### GOAL OF THE EXERCISE
Images in the data are to be skipped, while every line is restated exactly as written.

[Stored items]
+ + + +
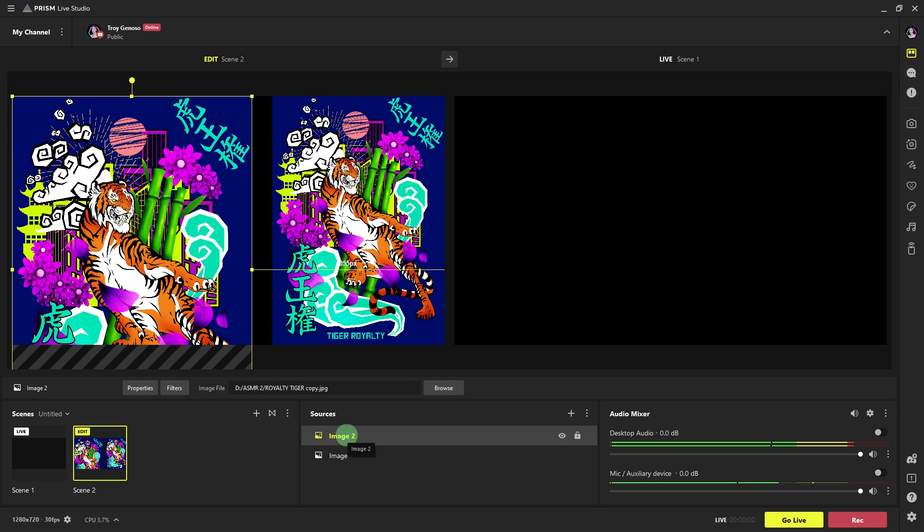Once everything looks good, you're ready to start broadcasting your scene with the overlay. Click to start streaming or start recording to begin streaming and recording your content.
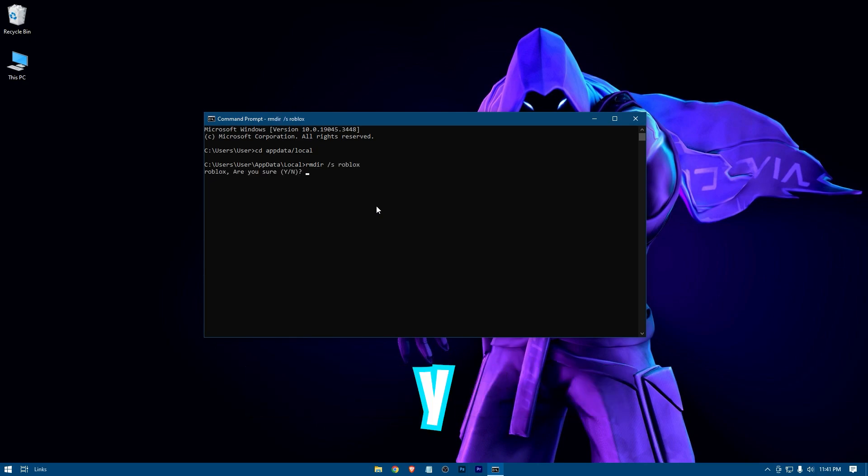Lastly type Y, and hit enter. Wait a bit. Ok now exit it.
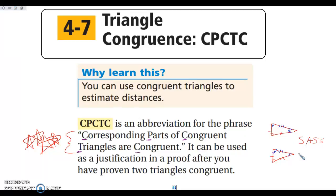We're circling back to section 4.4 when we first started talking about congruent figures. That definition of congruent figures was that all of the corresponding pieces were congruent. So it's saying that once you know enough information to prove the triangle is congruent, we can jump back to that definition and say our triangles are congruent, so everything else is congruent. That's what CPCTC is all about.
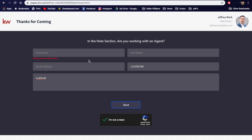So that's really easy — how to make an open house electronic sign-in sheet that will dump directly into Command for you. If you have any questions, please let me know, comment below, or you can text me. I have no problem answering any questions. That's pretty much it.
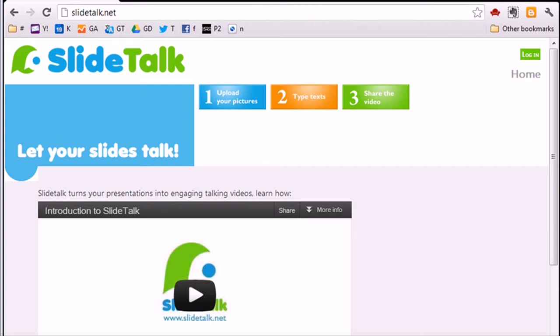Hello and welcome to the SlideTalk tutorial. You will learn how to create a SlideTalk video on the SlideTalk.net website.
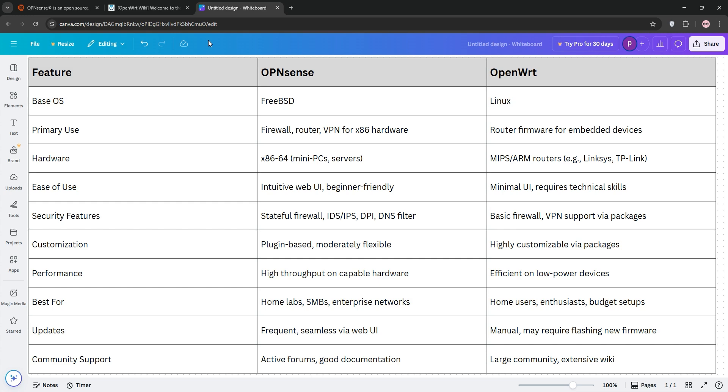That's it guys. OpenSense for security and ease, and OpenWrt for customization and affordability. Which one's your pick? Drop a comment below and subscribe for more tech tips. See ya.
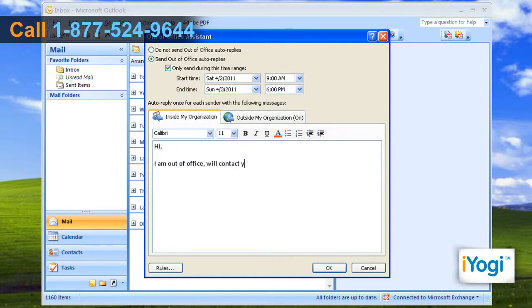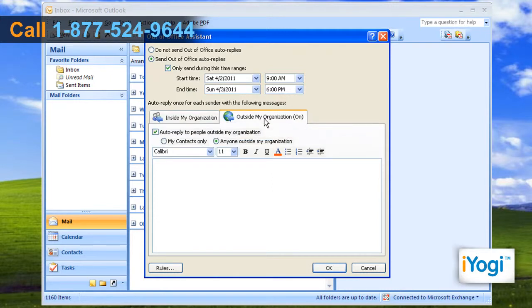Draft a message you want to send. Click the Outside My Organization tab and draft a message you want to send. Click on OK.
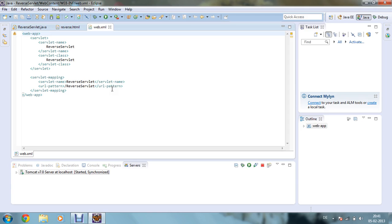Now I have to use my mapping so that it gets mapped into my reverse servlet class. So servlet map, servlet name is reverse servlet and URL pattern is slash reverse servlet.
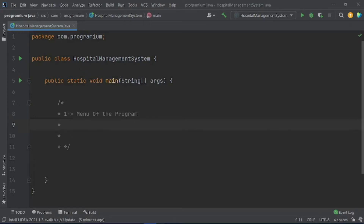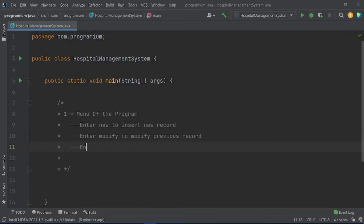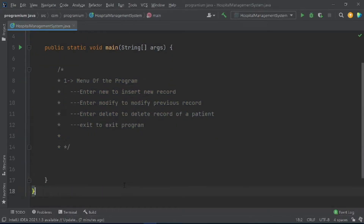So what will this menu contain? It will contain four options: one is 'new' to insert a new record, another is 'modify' to modify a previous record, another is 'delete' to delete the record of a patient, and one is 'exit' to exit the program. We will first create this menu.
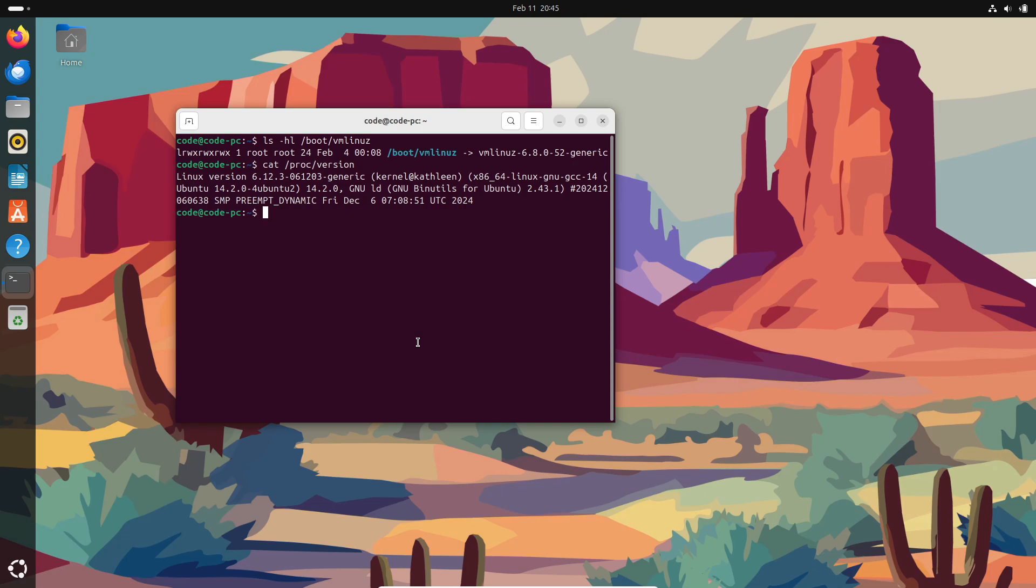And just to give you some perspective, while Minix 3's kernel has about 12,000 lines of code, the Linux kernel version 6.121 has nearly 40 million lines. Crazy, right?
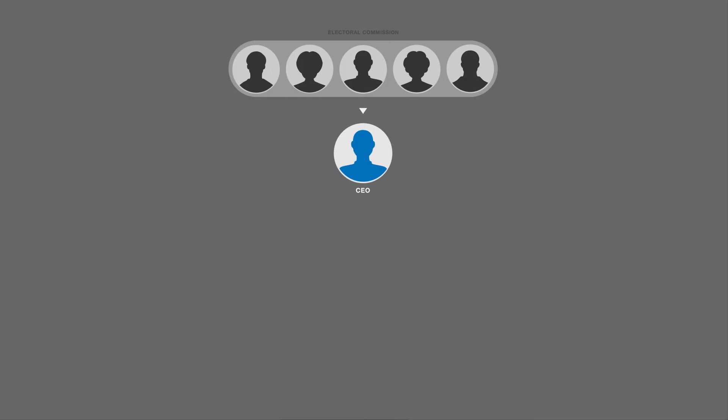What does the structure of the IEC look like? Let's look at a quick organogram to better illustrate this. You'll see at the top there are five commissioners who are basically in charge of the IEC. Just below them you have the CEO — very importantly the Chief Electoral Officer and not Chief Executive Officer — who is responsible for the day-to-day administration or day-to-day business of the IEC.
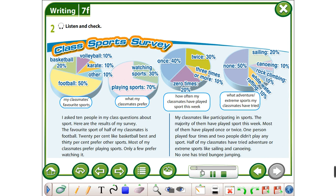Let's listen to it once more. Class sports survey. I asked 10 people in my class questions about sport. Here are the results of my survey. The favourite sport of half of my classmates is football. 20% like basketball best, and 30% prefer other sports. Most of my classmates prefer playing sports; only a few prefer watching it. My classmates like participating in sports. The majority of them have played sport this week. Most of them have played once or twice. One person played four times, and two people didn't play any sport. Half of my classmates have tried adventure or extreme sports like sailing and canoeing. No one has tried bungee jumping.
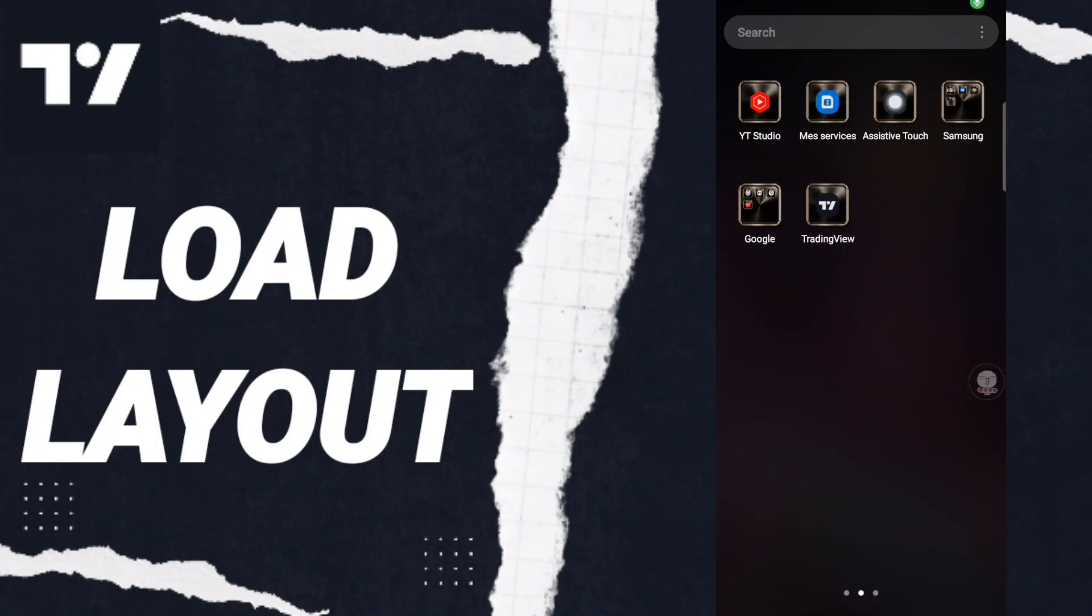Hi everyone, today we will talk about how to load a layout on the TradingView application. To load a layout on the TradingView application, you should go to the TradingView app.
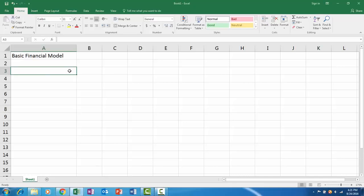Hi, in this video we're going to learn how to build a basic financial model in Microsoft Excel 2016. We're going to focus on the P&L or income statement in this video.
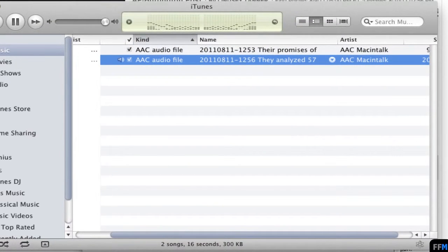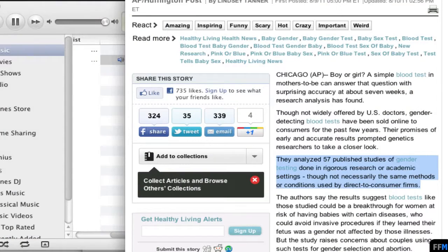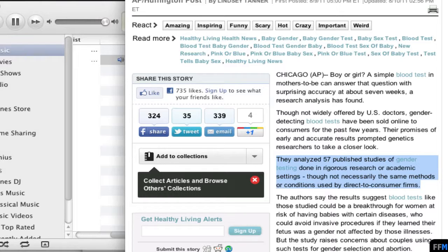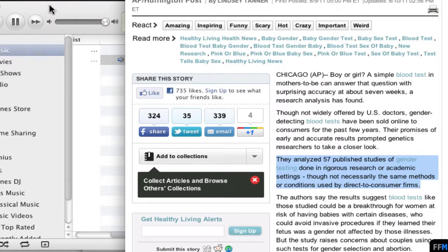They analyzed 57 published studies of gender testing done in rigorous research or academic settings, though not necessarily the same methods or conditions used by direct-to-consumer firms.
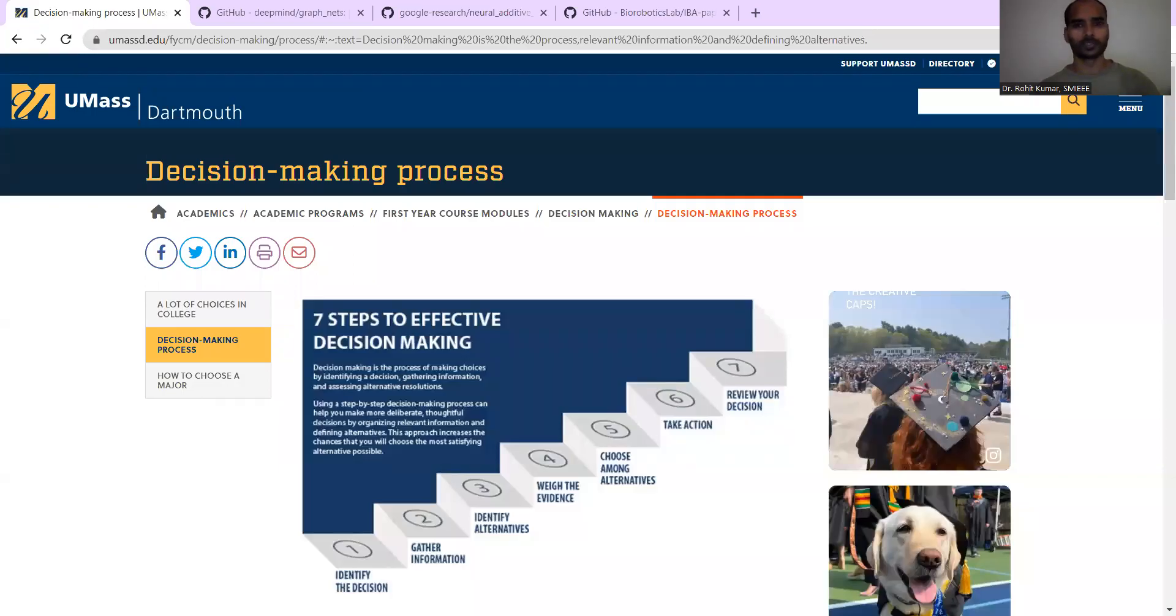Hey there, my name is Ruvat Kumar and today we are going to talk about another important thing that is decision making.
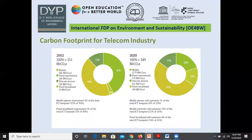This is the carbon footprint calculation for the telecom industry. In telecom we consider mobiles, narrowband devices, telecom devices, and various broadbands. In 2002, mobiles covered 43% of the footprint, and now it has increased from 43% to 51%, making mobiles responsible for a larger share of carbon CO2 emissions.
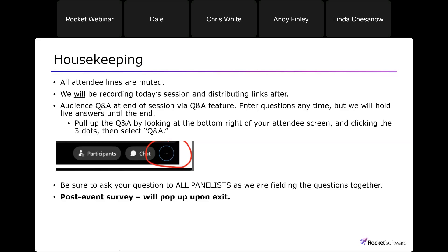We will utilize the audience Q&A feature within WebEx. You'll see at the bottom right side of your screen either a question mark, or you might have to click into the little circle with the three dots to find it. That's where you're going to type in your Q&A. We'll repeat big questions verbally at the end. Be sure you're asking your question to all panelists so we can all see it. We also have a post-event survey that pops up when you exit. We'd love your feedback — that's how we decide topics for the next webinar.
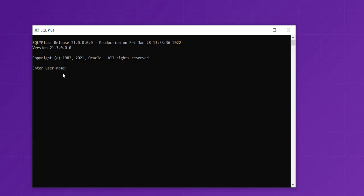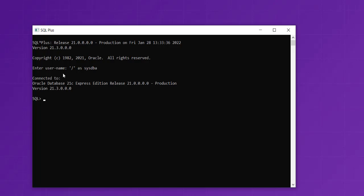Here, we use single quote slash single quote then 'as sysdba'. This is your default system account, and you are connected to your Oracle XE database.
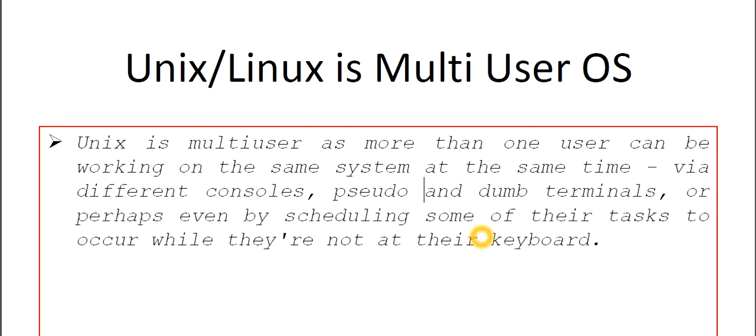So that's all means if someone asks you why Unix or Linux is multi-user operating system, you have to answer like that: because we have different consoles or different pseudo and dumb terminals in Linux and also Unix. That's why this is a multi-user operating system.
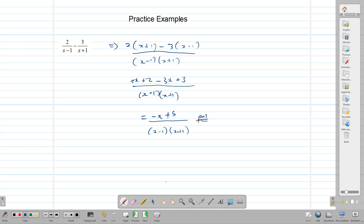So the renaming method works perfectly — it does take a bit longer to write out. This modified method gives your answer a little bit quicker if you prefer to use it.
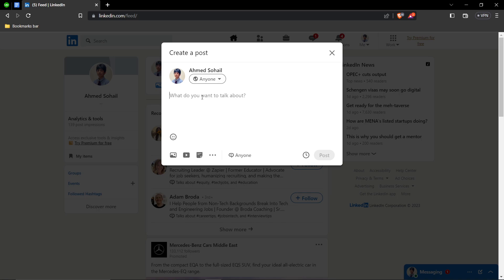So you can just write congratulations for your new position in your school. Just an example.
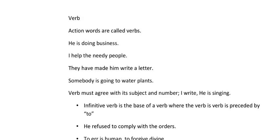In the parts of speech, I will discuss the noun, the pronoun, the adjective, and now it is the verb. A verb is an action. Our action words are called verbs.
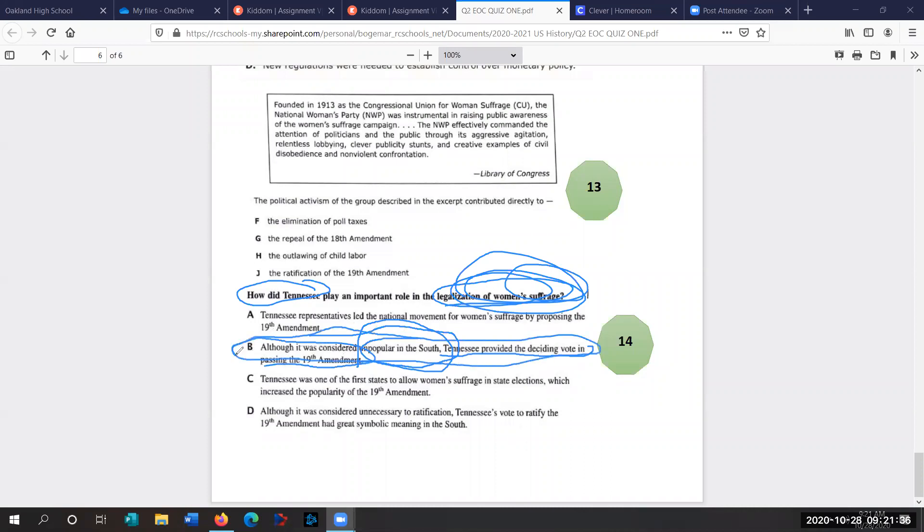So important. Tennessee history. It was the 100th anniversary last year of Tennessee being the last state needed to ratify the 19th Amendment, which gave women the right to vote. And that's it. That's the first 14 answers of all your quizzes for quarter two.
+ + + +
### RESPONSE AREA
Once everything looks good, you're ready to start broadcasting your scene with the overlay. Click to start streaming or start recording to begin streaming and recording your content.
Lastly type Y, and hit enter. Wait a bit. Ok now exit it.
We're circling back to section 4.4 when we first started talking about congruent figures. That definition of congruent figures was that all of the corresponding pieces were congruent. So it's saying that once you know enough information to prove the triangle is congruent, we can jump back to that definition and say our triangles are congruent, so everything else is congruent. That's what CPCTC is all about.
So that's really easy — how to make an open house electronic sign-in sheet that will dump directly into Command for you. If you have any questions, please let me know, comment below, or you can text me. I have no problem answering any questions. That's pretty much it.
Hello and welcome to the SlideTalk tutorial. You will learn how to create a SlideTalk video on the SlideTalk.net website.
That's it guys. OpenSense for security and ease, and OpenWrt for customization and affordability. Which one's your pick? Drop a comment below and subscribe for more tech tips. See ya.
Draft a message you want to send. Click the Outside My Organization tab and draft a message you want to send. Click on OK.
Now I have to use my mapping so that it gets mapped into my reverse servlet class. So servlet map, servlet name is reverse servlet and URL pattern is slash reverse servlet.
So what will this menu contain? It will contain four options: one is 'new' to insert a new record, another is 'modify' to modify a previous record, another is 'delete' to delete the record of a patient, and one is 'exit' to exit the program. We will first create this menu.
And just to give you some perspective, while Minix 3's kernel has about 12,000 lines of code, the Linux kernel version 6.121 has nearly 40 million lines. Crazy, right?
What does the structure of the IEC look like? Let's look at a quick organogram to better illustrate this. You'll see at the top there are five commissioners who are basically in charge of the IEC. Just below them you have the CEO — very importantly the Chief Electoral Officer and not Chief Executive Officer — who is responsible for the day-to-day administration or day-to-day business of the IEC.
Let's listen to it once more. Class sports survey. I asked 10 people in my class questions about sport. Here are the results of my survey. The favourite sport of half of my classmates is football. 20% like basketball best, and 30% prefer other sports. Most of my classmates prefer playing sports; only a few prefer watching it. My classmates like participating in sports. The majority of them have played sport this week. Most of them have played once or twice. One person played four times, and two people didn't play any sport. Half of my classmates have tried adventure or extreme sports like sailing and canoeing. No one has tried bungee jumping.
Hi everyone, today we will talk about how to load a layout on the TradingView application. To load a layout on the TradingView application, you should go to the TradingView app.
Hi, in this video we're going to learn how to build a basic financial model in Microsoft Excel 2016. We're going to focus on the P&L or income statement in this video.
They analyzed 57 published studies of gender testing done in rigorous research or academic settings, though not necessarily the same methods or conditions used by direct-to-consumer firms.
Hey there, my name is Ruvat Kumar and today we are going to talk about another important thing that is decision making.
This is the carbon footprint calculation for the telecom industry. In telecom we consider mobiles, narrowband devices, telecom devices, and various broadbands. In 2002, mobiles covered 43% of the footprint, and now it has increased from 43% to 51%, making mobiles responsible for a larger share of carbon CO2 emissions.
We will utilize the audience Q&A feature within WebEx. You'll see at the bottom right side of your screen either a question mark, or you might have to click into the little circle with the three dots to find it. That's where you're going to type in your Q&A. We'll repeat big questions verbally at the end. Be sure you're asking your question to all panelists so we can all see it. We also have a post-event survey that pops up when you exit. We'd love your feedback — that's how we decide topics for the next webinar.
Here, we use single quote slash single quote then 'as sysdba'. This is your default system account, and you are connected to your Oracle XE database.
So that's all means if someone asks you why Unix or Linux is multi-user operating system, you have to answer like that: because we have different consoles or different pseudo and dumb terminals in Linux and also Unix. That's why this is a multi-user operating system.
So the renaming method works perfectly — it does take a bit longer to write out. This modified method gives your answer a little bit quicker if you prefer to use it.
So you can just write congratulations for your new position in your school. Just an example.
In the parts of speech, I will discuss the noun, the pronoun, the adjective, and now it is the verb. A verb is an action. Our action words are called verbs.
So important. Tennessee history. It was the 100th anniversary last year of Tennessee being the last state needed to ratify the 19th Amendment, which gave women the right to vote. And that's it. That's the first 14 answers of all your quizzes for quarter two.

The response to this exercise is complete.